In addition, uncertainties will arise in ascertaining whether the asset is sufficiently "readily marketable" to satisfy the Court's test. The Court attaches significance to whether the security is "listed" on a stock exchange. It is indeed true that the great majority of common stocks listed on the New York Stock Exchange are readily marketable, unless the number of shares to be sold is too large for the market to absorb. The same cannot be said, however, of all bonds listed on that Exchange. Moreover, there are other exchanges on which securities are listed and traded: the American Stock Exchange, over the counter, and scores of local exchanges.
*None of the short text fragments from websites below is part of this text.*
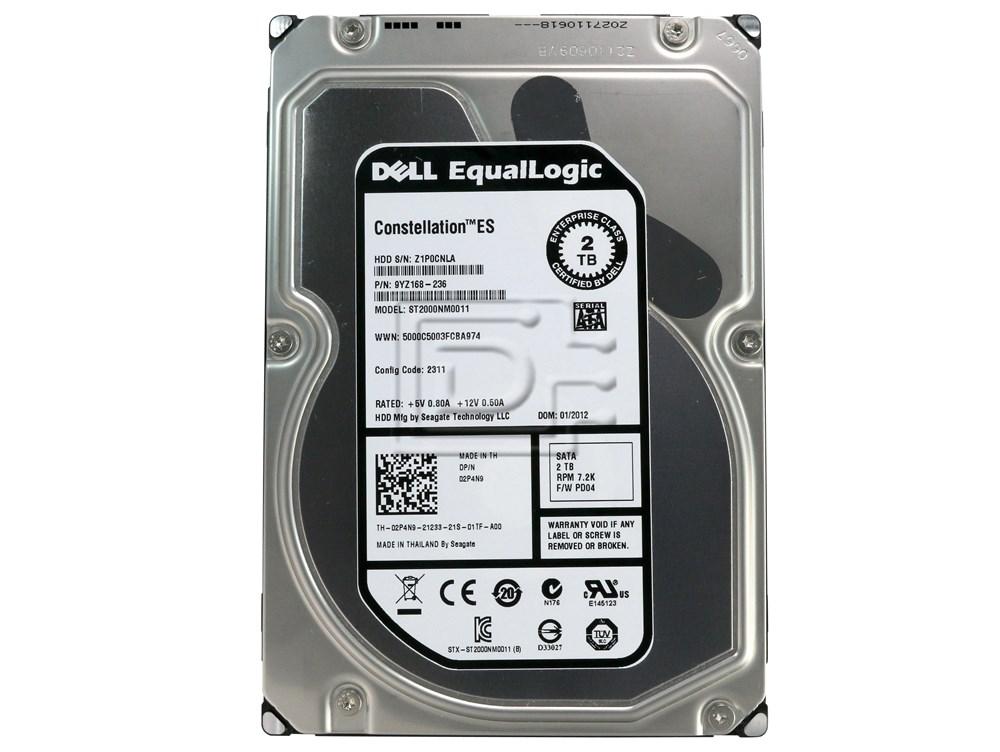 Dell Enterprise Plus 2P4N9 Seagate ST2000NM0011 2TB 7.2K SATA Hard Drive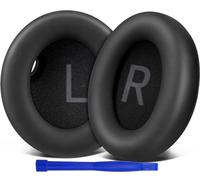 SOULWIT Mousse Coussin Coussinets pour Anker Soundcore Space One (S1) Casque, Pas pour Space One Pro, Coussinets d'oreille avec Cuir Protéiné Plus Doux, Mousse d'isolation Phonique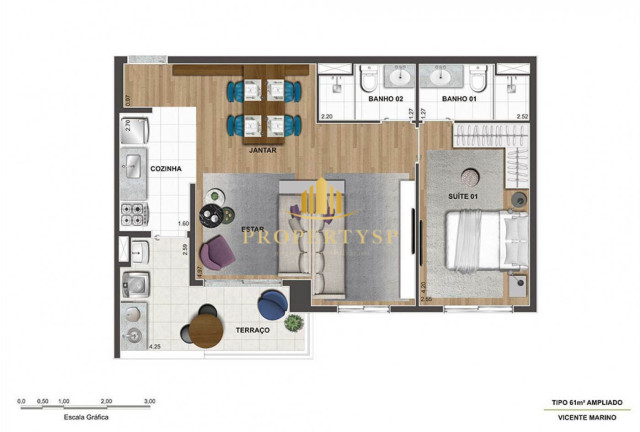 Imagem Apartamento com 2 Quartos à Venda, 58 m² em Barra Funda - São Paulo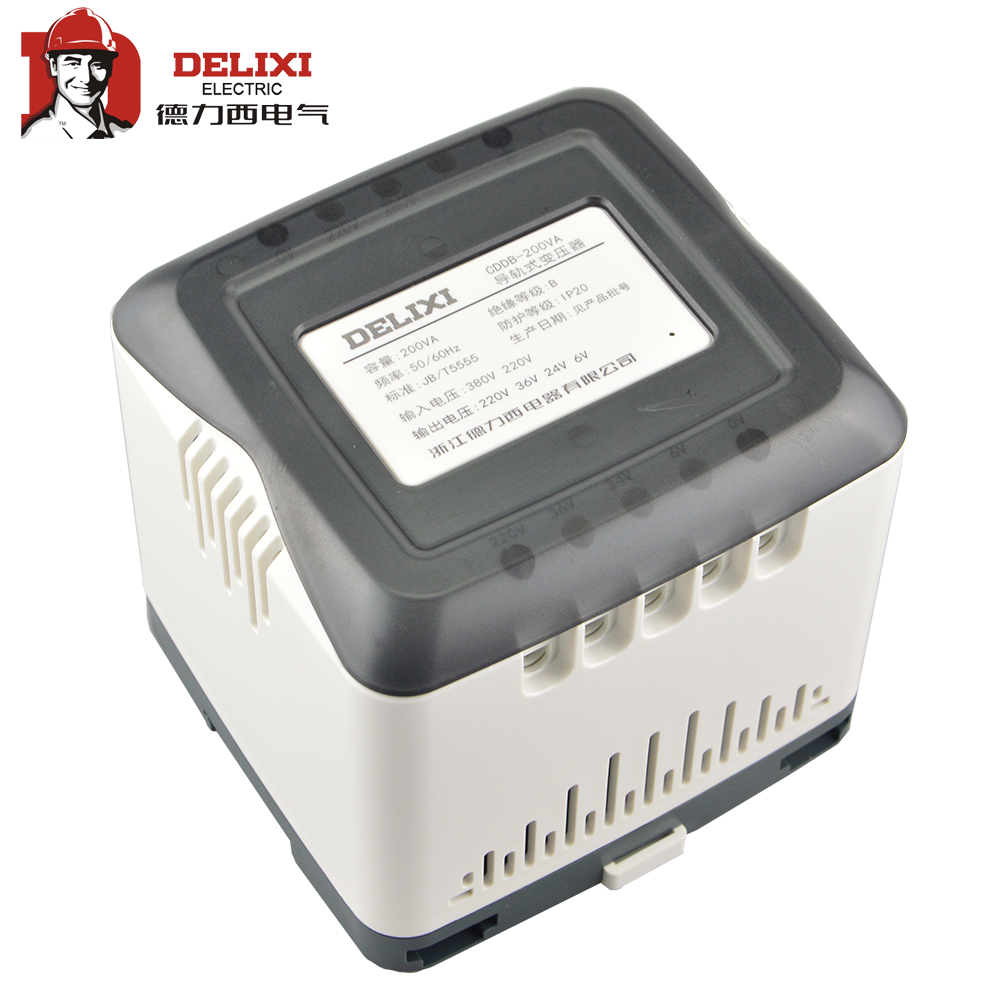 德力西CDDB导轨式控制变压器50w/100w/200W  380v变220v转36 24v - 图1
While many securities traded on these exchanges may be "readily marketable," perhaps the majority could not fairly be so characterized. In countless situations corporate management will be unable to determine, short of attempting to sell the security, whether it is "readily marketable" or not. [422 U.S. 617, 644]
The uncertainty engendered by today's opinion will not be limited to its undifferentiated treatment of marketable securities. A more fundamental question arising from the rationale of the Court's decision is whether the test of "true" or "realistic" financial condition will be applied to other assets. Nothing in the relevant statutory provisions suggests a distinction between securities and other assets, or even between assets with varying degrees of marketability. The Court nevertheless appears to read into the statutes a distinction based on "liquidity," at various points referring interchangeably to "readily marketable securities," "current assets," and "quick or liquid assets." Ante, at 622, 628. Although the Court's holding is limited in this case to readily marketable securities, see ante, at 629 n. 9, its rationale is not so easily contained.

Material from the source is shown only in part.